[EXERCISE AIM] Below are records; from the line containing "Dürer-Pirckheimer-Brunnen in Nürnberg" through the very last line, output each line exactly. No pictures.

[WORKING DATA]
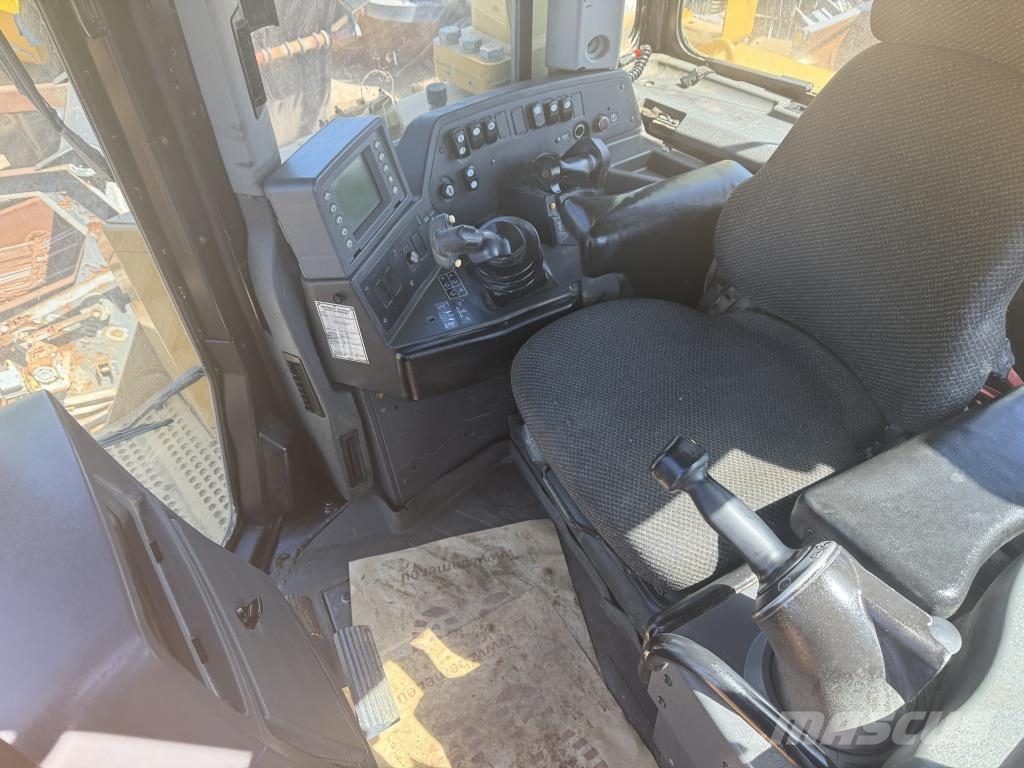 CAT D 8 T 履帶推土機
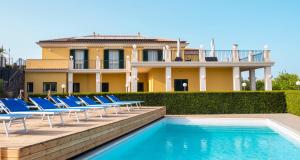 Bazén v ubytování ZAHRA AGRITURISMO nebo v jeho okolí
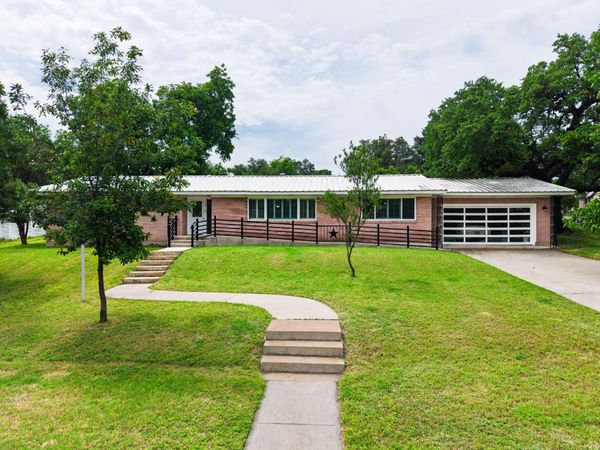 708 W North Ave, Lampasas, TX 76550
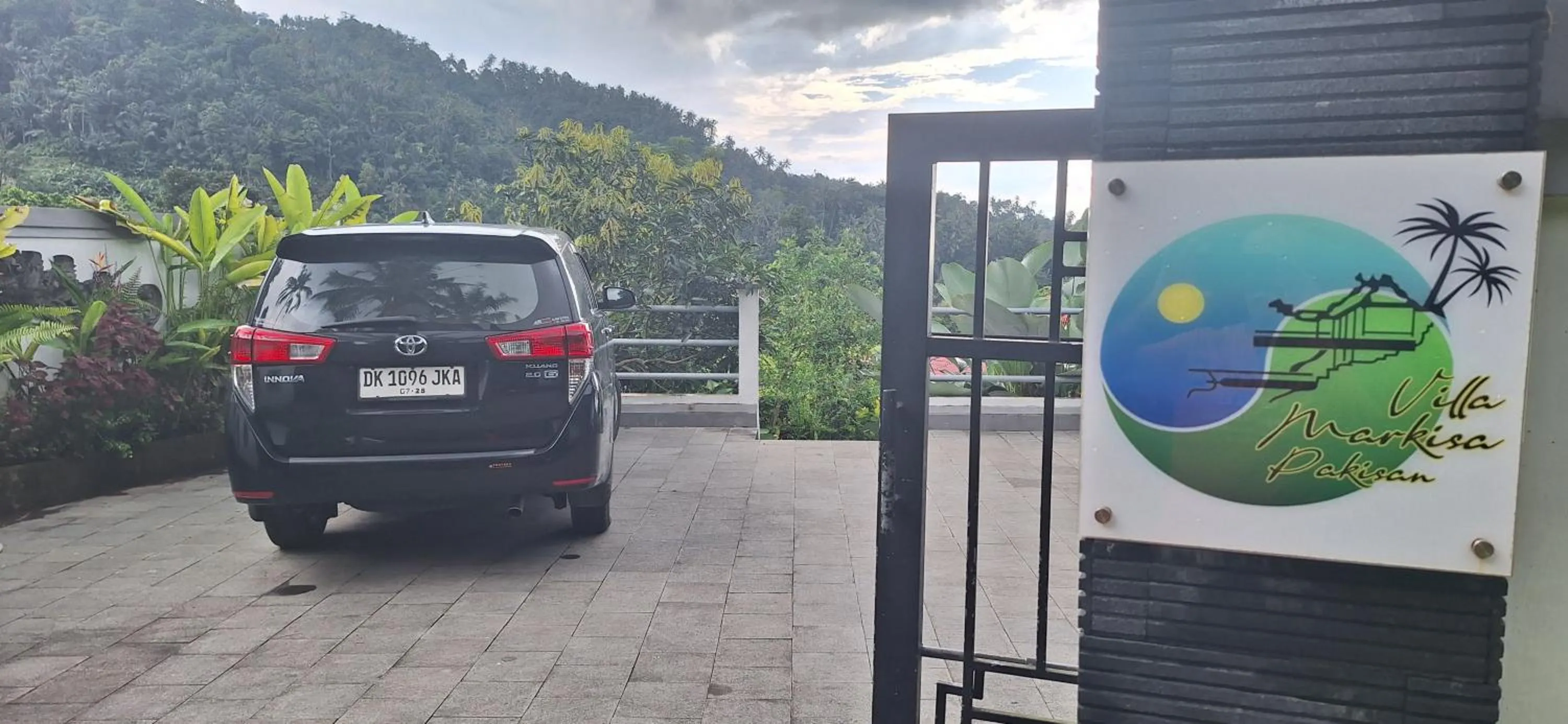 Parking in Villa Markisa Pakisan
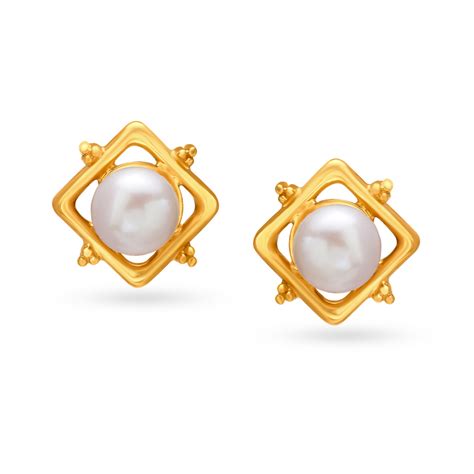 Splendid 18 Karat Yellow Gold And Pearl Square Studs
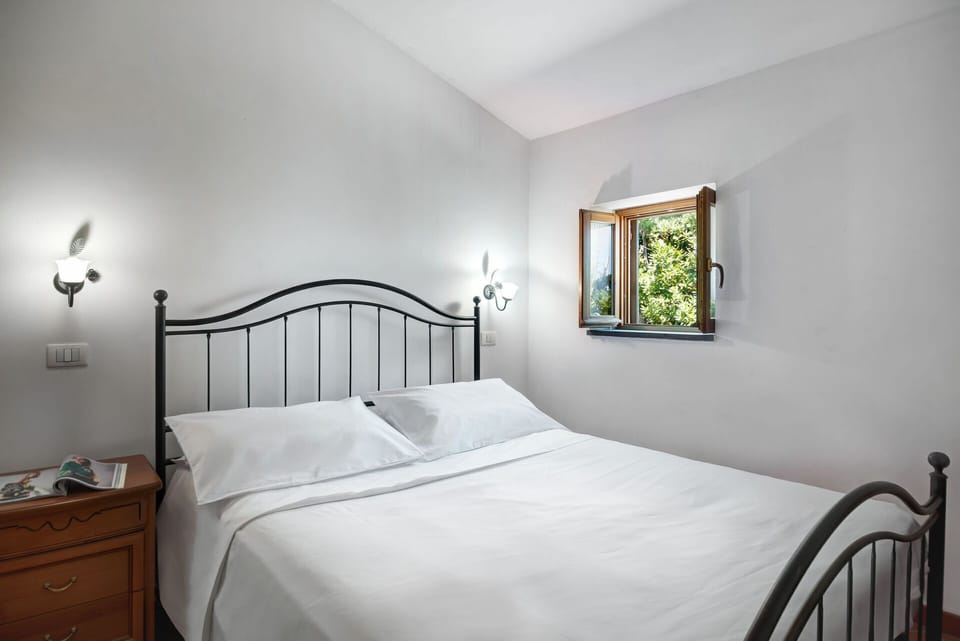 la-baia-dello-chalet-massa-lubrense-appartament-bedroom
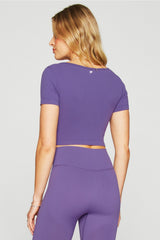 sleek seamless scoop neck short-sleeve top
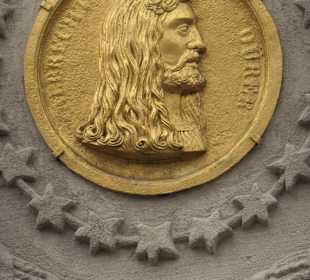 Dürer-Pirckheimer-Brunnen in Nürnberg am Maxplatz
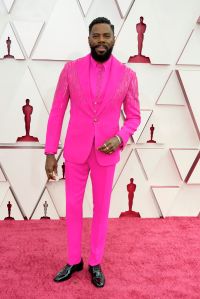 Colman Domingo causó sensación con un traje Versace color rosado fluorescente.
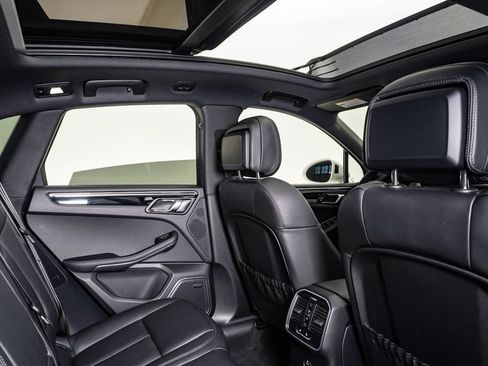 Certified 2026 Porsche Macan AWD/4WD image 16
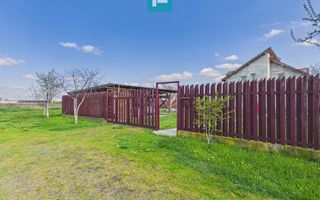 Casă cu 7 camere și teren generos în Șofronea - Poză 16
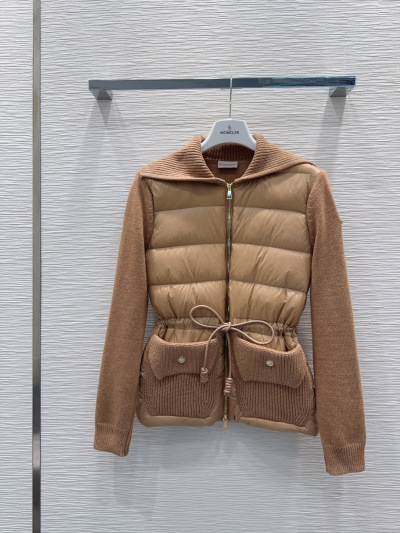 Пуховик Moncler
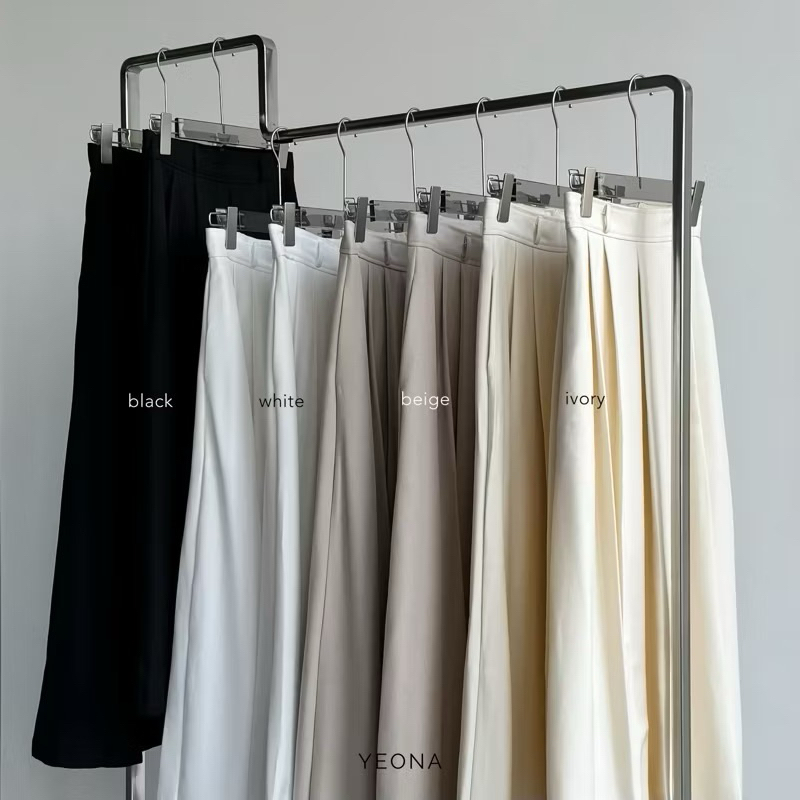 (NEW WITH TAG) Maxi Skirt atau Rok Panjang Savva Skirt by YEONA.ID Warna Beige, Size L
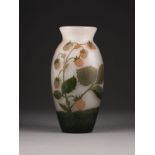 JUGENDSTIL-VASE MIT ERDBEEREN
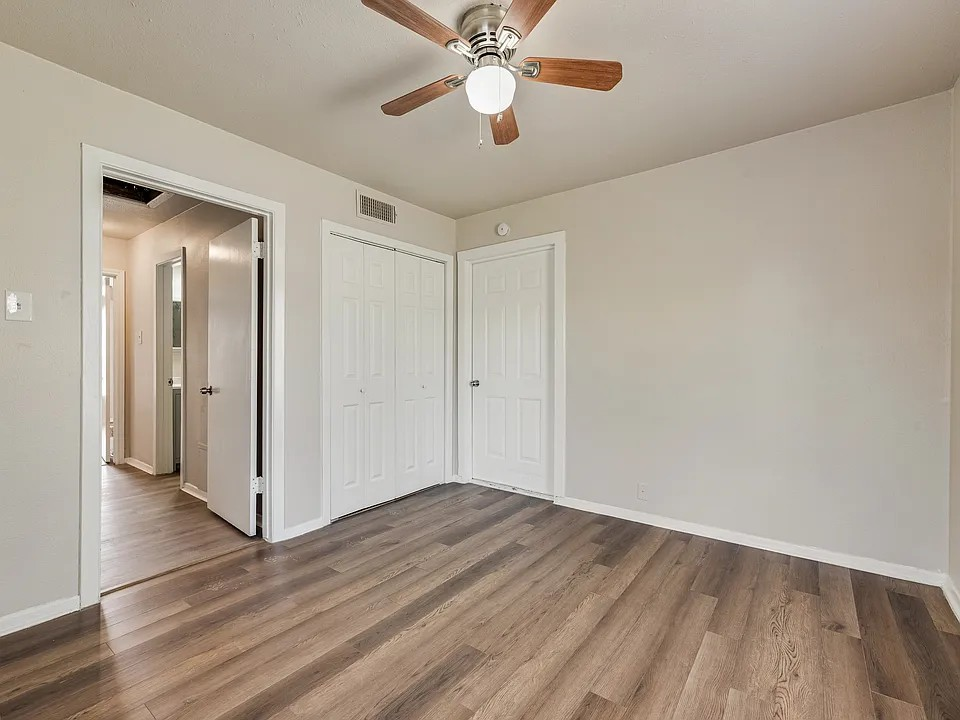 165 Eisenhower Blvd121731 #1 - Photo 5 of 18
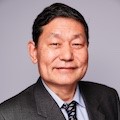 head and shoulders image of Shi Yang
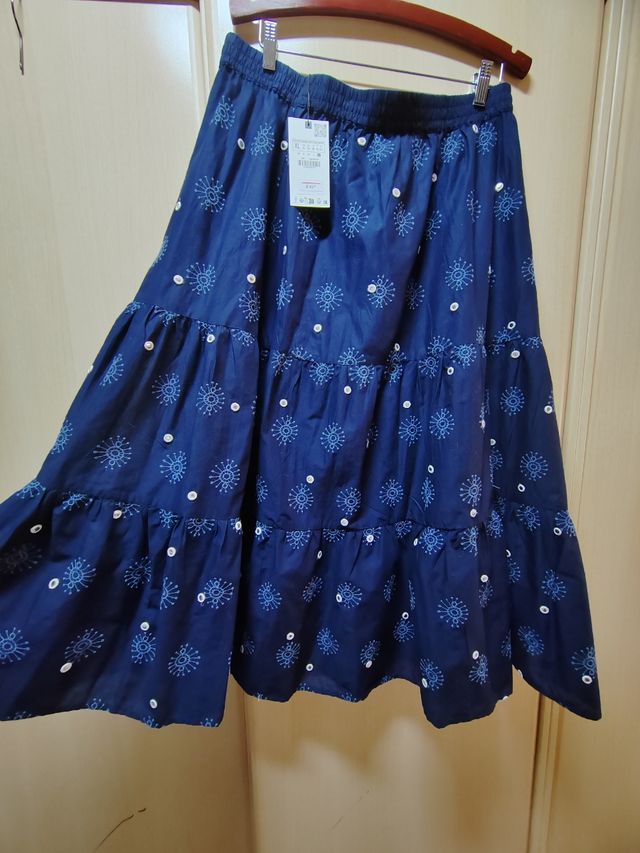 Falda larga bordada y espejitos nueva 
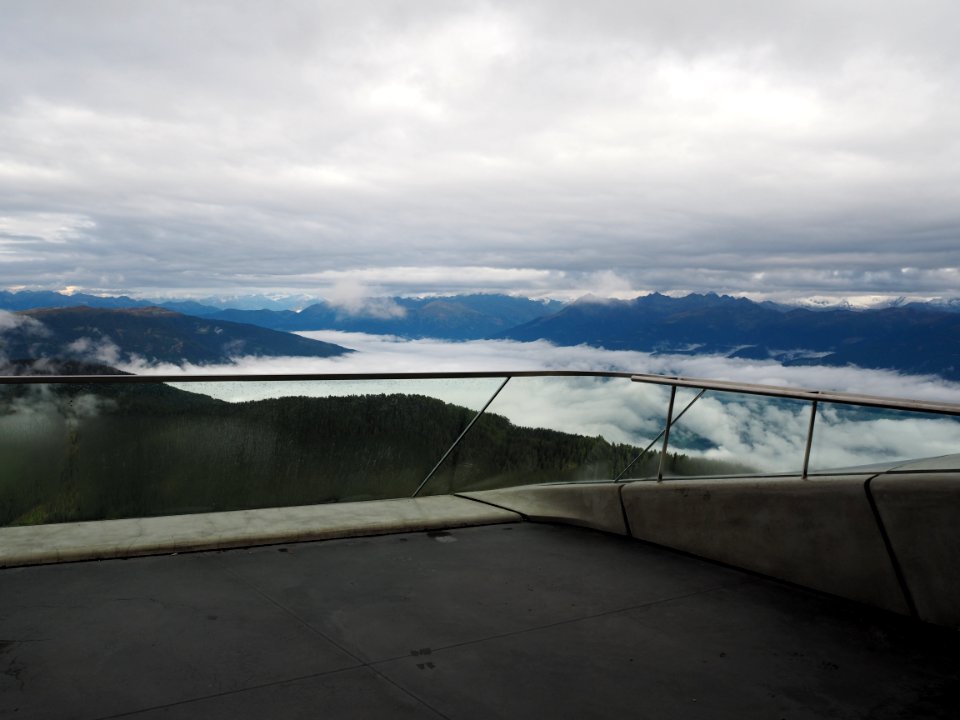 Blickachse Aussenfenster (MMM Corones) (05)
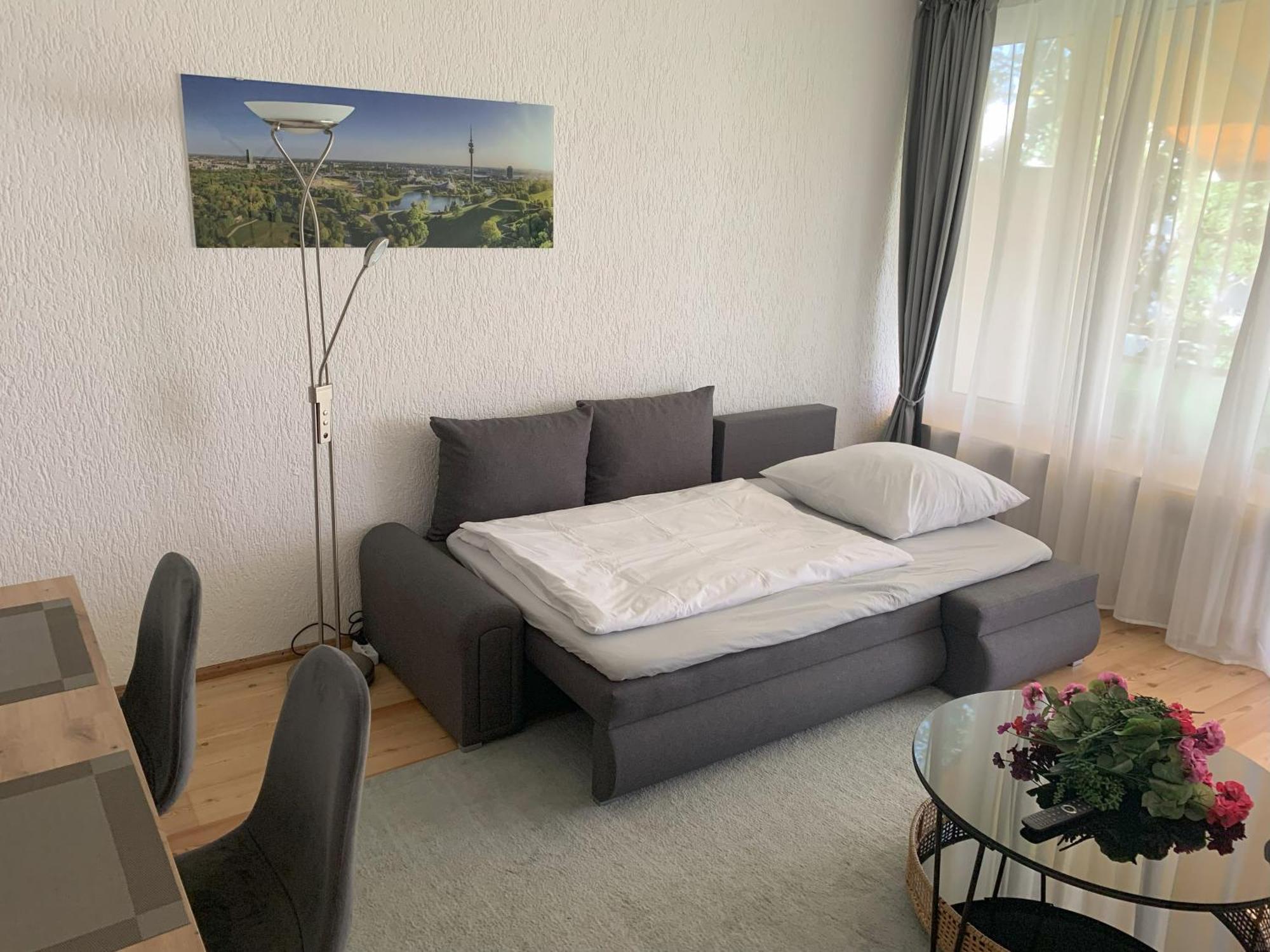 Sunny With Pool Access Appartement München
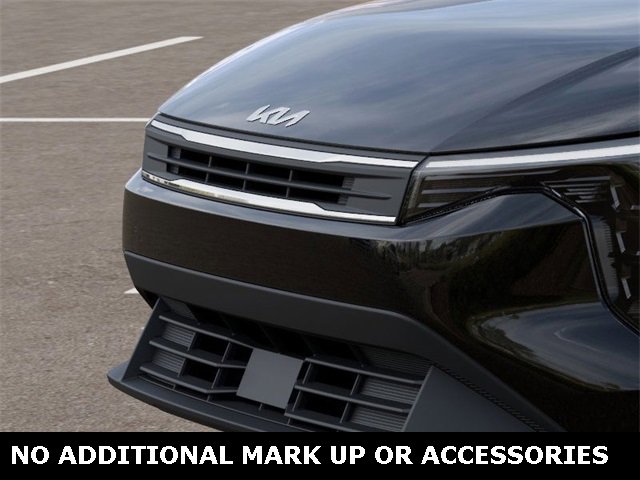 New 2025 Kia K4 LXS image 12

[EXERCISE SOLUTION]
 Dürer-Pirckheimer-Brunnen in Nürnberg am Maxplatz
 Colman Domingo causó sensación con un traje Versace color rosado fluorescente.
 Certified 2026 Porsche Macan AWD/4WD image 16
 Casă cu 7 camere și teren generos în Șofronea - Poză 16
 Пуховик Moncler
 (NEW WITH TAG) Maxi Skirt atau Rok Panjang Savva Skirt by YEONA.ID Warna Beige, Size L
 JUGENDSTIL-VASE MIT ERDBEEREN
 165 Eisenhower Blvd121731 #1 - Photo 5 of 18
 head and shoulders image of Shi Yang
 Falda larga bordada y espejitos nueva 
 Blickachse Aussenfenster (MMM Corones) (05)
 Sunny With Pool Access Appartement München
 New 2025 Kia K4 LXS image 12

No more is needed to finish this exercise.